Of course when she left and it really settled in that  I was getting dumped because I screwed up thats when I felt horrible. I couldn’t bear the thought of her leaving me because I’d been so monstrous to her. I begged and cajoled and finally convinced her to give me another chance. I had no idea it was too late. During our brief time ‘back together,’ Suzie went out with other guys. Any feelings of love or commitment she had for me had been ground to dust by the way I had treated her.

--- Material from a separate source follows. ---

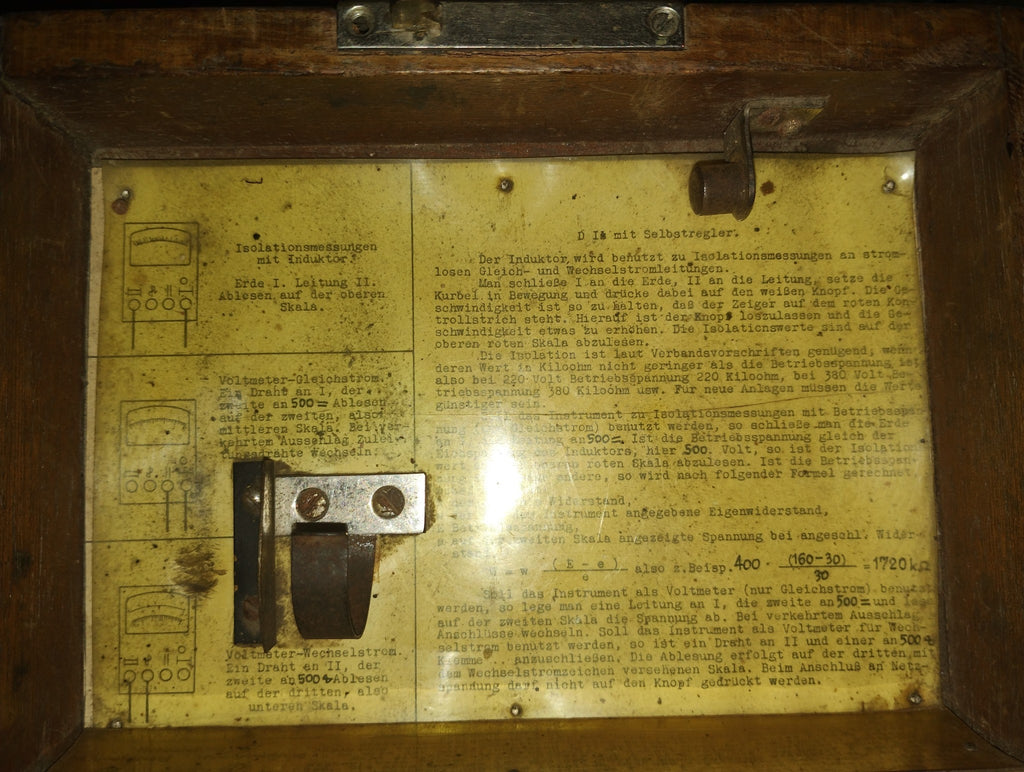 Original German instruction sheet inside the wooden lid, showing connection diagrams and insulation measurement procedures.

The final breakup came and when the heartbreak settled in it was more than I could bear. I sat in my apartment and wished I would cease to exist. I was forced to face the person I was and I didn’t like him very well, which made spending all that time alone unbearable and getting over the broken heart seemed impossible.

While I was starting to get over the break up I spent a lot of time berating myself and wondering how Suzie had tolerated me all those years. I had no answer to that question. I only knew that I would no longer be that guy. The new me had arrived.

Jess, 39 – engineer

Getting Over a Girl I Should Have Never Liked…

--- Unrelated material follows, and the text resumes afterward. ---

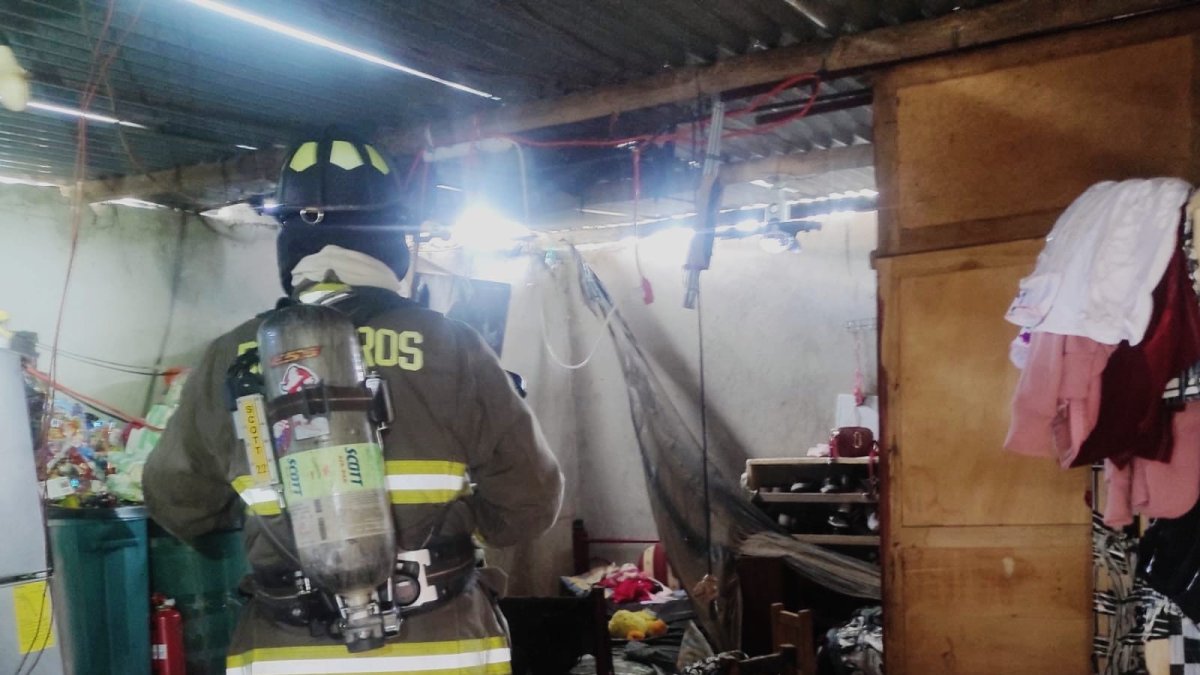 Personal del Cuerpo de Bomberos de Mejía atiende una emergencia por deflagración de gas GLP en una vivienda del sector Aloasí.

Basically I was dating Mel because all my friends were dating someone at the time too.

In my mind, there was no question that this was NOT a girl I was going to bring home to mom, but I figured short-term she would be worth tolerating for some non-canned home cooked meals and convenient sex.

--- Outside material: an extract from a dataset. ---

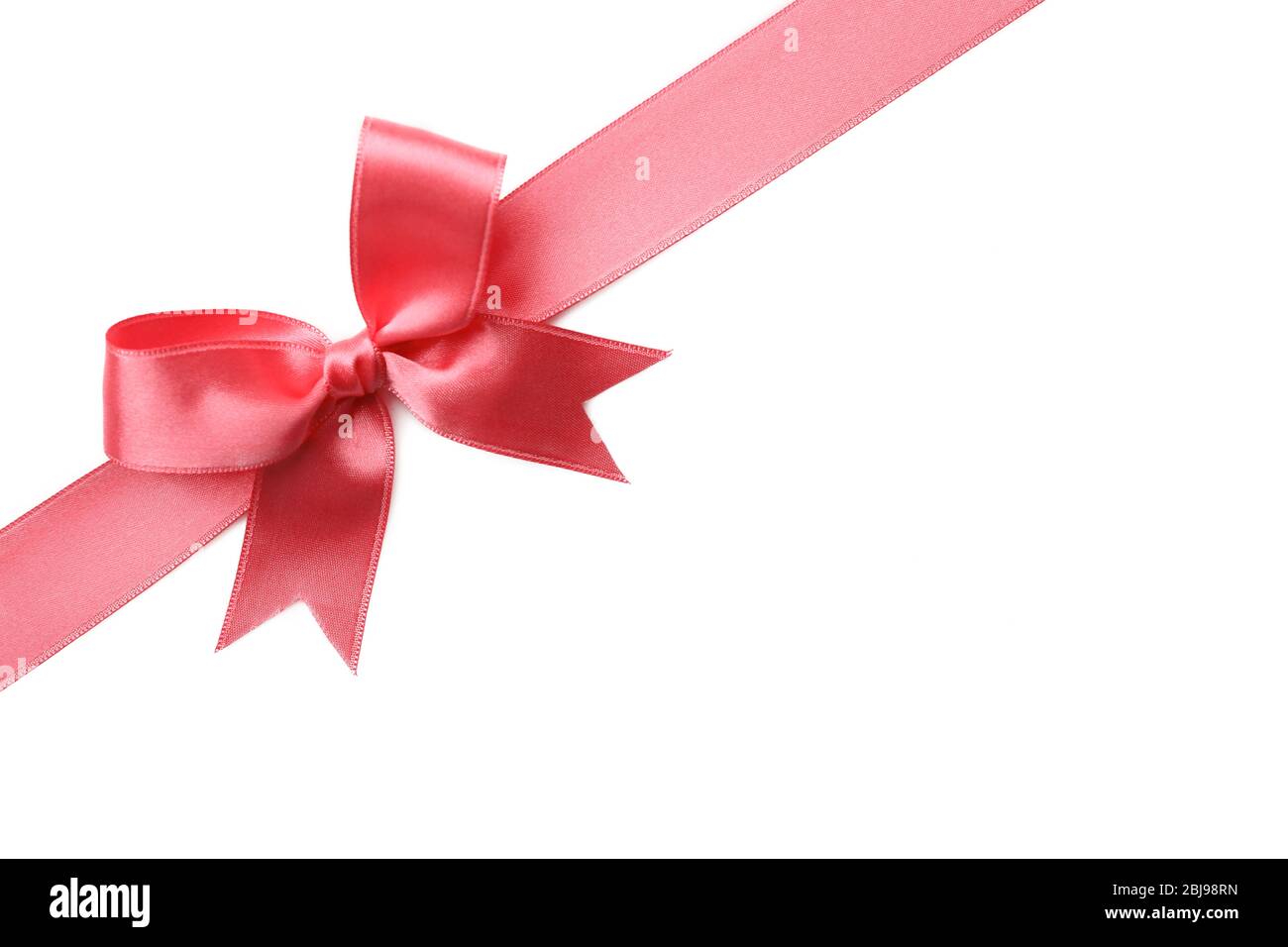Pink ribbon bow on white background Stock Photo - Alamy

Sadly I got very little of either over the course of our six-month relationship. What I did get was constant grief. Though we both knew we were incompatible, Mel–like many other embittered women–was sure that this was due to my inability to change into a totally different person.

Whereas two logical people would simply look at their missmatched hearts, throw in the towel, shake hands, and dive back into the dating pool, Mel and I continued to grind on, like two sides of a fault line.I dreamed about breaking up with her. After fights, she would storm home–phone already to her ear as she prepared to inform the rest of the female population of my inadequacies–and I would lay in bed and rehearse our final scene. I had never seen her cry, and while I hate seeing anyone cry her resilience had created a perverse (but thus far unacted upon) desire to see her beg tearfully for my forgiveness, which of course I would deny her.

I spent so much time indulging in these fantasies, I barely had any time to fantasize about other things. Instead of actually ending the relationship I just thought about it all the time and this thought became the soul source of happiness in our relationship. One night post-fight as I was again fantasizing in my bed, my phone beeped. “It’s over.” Short and sweet. In a matter of seconds, Mel had negated weeks of monologue work.

And SHE had dumped ME. Dare I tell the truth? I did the unthinkable. Call it shock, call it disappointment, call it insanity, but I called her immediately, and…I cried…on her voicemail. For weeks I was distraught and my friends were baffled. “But you didn’t even like her man.” How to explain?

Six months of agitation and very little sex, and I didn’t even get to be the one to drop the ball.